Ever think about how we acquire the skills we need for independent living? Or ponder how developing these skills begins with play? Manipulating toys develops fine motor skills, visual awareness, focus, tracking and eye-hand coordination. Independent dressing requires all these skills. Fastening and unfastening involve motor control and strength. Consider buttons, snaps, Velcro, and zippers. Shoes need lacing and tying, hook and loop fasteners not withstanding. Belts must be threaded through loops. And don’t forget buckles and bows.

From an infant grasping and scrunching Baby Paper to a pre-schooler building with blocks, manipulating latches on Peekaboo Lock Boxes, moving beads along a wire maze or fitting pieces of a puzzle together, cause and effect, cognition and visual skills, fingers and hands are steadily developing through play.

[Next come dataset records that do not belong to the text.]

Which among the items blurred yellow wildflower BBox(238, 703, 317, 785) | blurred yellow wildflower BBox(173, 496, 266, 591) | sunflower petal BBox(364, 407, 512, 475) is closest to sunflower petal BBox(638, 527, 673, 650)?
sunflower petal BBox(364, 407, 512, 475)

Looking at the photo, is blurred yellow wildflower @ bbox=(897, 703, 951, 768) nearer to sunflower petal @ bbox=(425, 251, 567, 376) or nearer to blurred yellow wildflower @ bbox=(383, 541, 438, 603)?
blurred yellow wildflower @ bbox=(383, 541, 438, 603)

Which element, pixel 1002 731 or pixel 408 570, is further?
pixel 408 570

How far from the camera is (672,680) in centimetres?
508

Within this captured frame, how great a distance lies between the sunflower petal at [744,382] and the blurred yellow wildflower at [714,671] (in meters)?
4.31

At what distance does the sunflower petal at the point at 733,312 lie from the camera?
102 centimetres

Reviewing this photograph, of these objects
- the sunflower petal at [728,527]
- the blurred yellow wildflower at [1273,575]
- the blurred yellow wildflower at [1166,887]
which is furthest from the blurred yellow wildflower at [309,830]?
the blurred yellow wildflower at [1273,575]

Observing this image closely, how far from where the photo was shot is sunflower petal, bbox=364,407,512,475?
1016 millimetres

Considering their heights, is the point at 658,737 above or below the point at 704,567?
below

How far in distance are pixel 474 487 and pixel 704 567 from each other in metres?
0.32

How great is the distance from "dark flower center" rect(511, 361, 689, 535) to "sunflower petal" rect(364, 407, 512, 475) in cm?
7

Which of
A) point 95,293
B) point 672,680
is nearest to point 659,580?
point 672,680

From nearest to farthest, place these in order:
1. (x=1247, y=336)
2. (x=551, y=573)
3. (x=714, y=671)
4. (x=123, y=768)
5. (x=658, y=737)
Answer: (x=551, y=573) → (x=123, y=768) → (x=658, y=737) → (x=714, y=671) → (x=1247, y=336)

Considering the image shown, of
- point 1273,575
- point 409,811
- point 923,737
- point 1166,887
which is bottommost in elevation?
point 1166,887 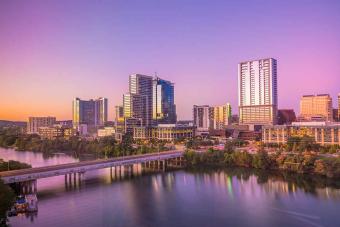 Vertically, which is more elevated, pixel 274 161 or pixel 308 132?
pixel 308 132

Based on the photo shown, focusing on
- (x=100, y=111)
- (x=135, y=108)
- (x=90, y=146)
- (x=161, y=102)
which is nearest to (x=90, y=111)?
(x=100, y=111)

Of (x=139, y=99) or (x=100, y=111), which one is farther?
(x=100, y=111)

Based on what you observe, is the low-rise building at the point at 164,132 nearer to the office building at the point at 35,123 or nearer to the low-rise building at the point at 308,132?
the low-rise building at the point at 308,132

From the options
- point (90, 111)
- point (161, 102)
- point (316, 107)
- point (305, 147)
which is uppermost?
point (161, 102)

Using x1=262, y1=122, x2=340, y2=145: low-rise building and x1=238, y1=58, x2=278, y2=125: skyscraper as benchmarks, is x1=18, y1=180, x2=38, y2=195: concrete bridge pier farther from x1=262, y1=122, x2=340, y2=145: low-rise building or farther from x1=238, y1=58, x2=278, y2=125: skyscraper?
x1=238, y1=58, x2=278, y2=125: skyscraper

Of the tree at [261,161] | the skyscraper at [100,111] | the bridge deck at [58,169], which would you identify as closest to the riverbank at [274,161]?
the tree at [261,161]

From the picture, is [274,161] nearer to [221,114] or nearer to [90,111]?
[221,114] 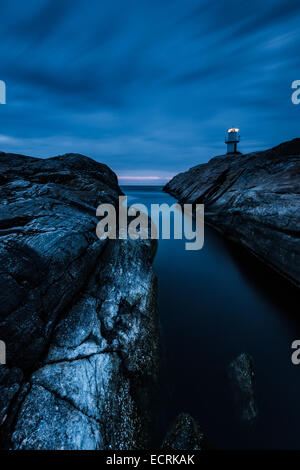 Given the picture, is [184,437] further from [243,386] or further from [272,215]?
[272,215]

Drawing, printing, and reading involve visual tracking, controlling eye movements, eye-hand coordination, finger strength and muscle control. Manipulative toys teach cause and effect, introduce basic math and science, and encourage creativity and problem solving skills. Block play is fundamental, teaching order and prediction, encouraging open-ended play that leads to learning about gravity, weight, balance, proportion, symmetry and asymmetry and developing spatial awareness. Children plan, anticipate and solve problems as they translate ideas into structures. Honing these skills through play prepares children for taking on other challenges with confidence.

Manipulative play can be solitary or shared. Shared play can be intergenerational or with peers. Social interaction teaches valuable life lessons too – collaboration and cooperation, flexibility and compromise, boundary setting and mutual respect. Learning to communicate effectively and listen, comprehend and respond respectfully is essential.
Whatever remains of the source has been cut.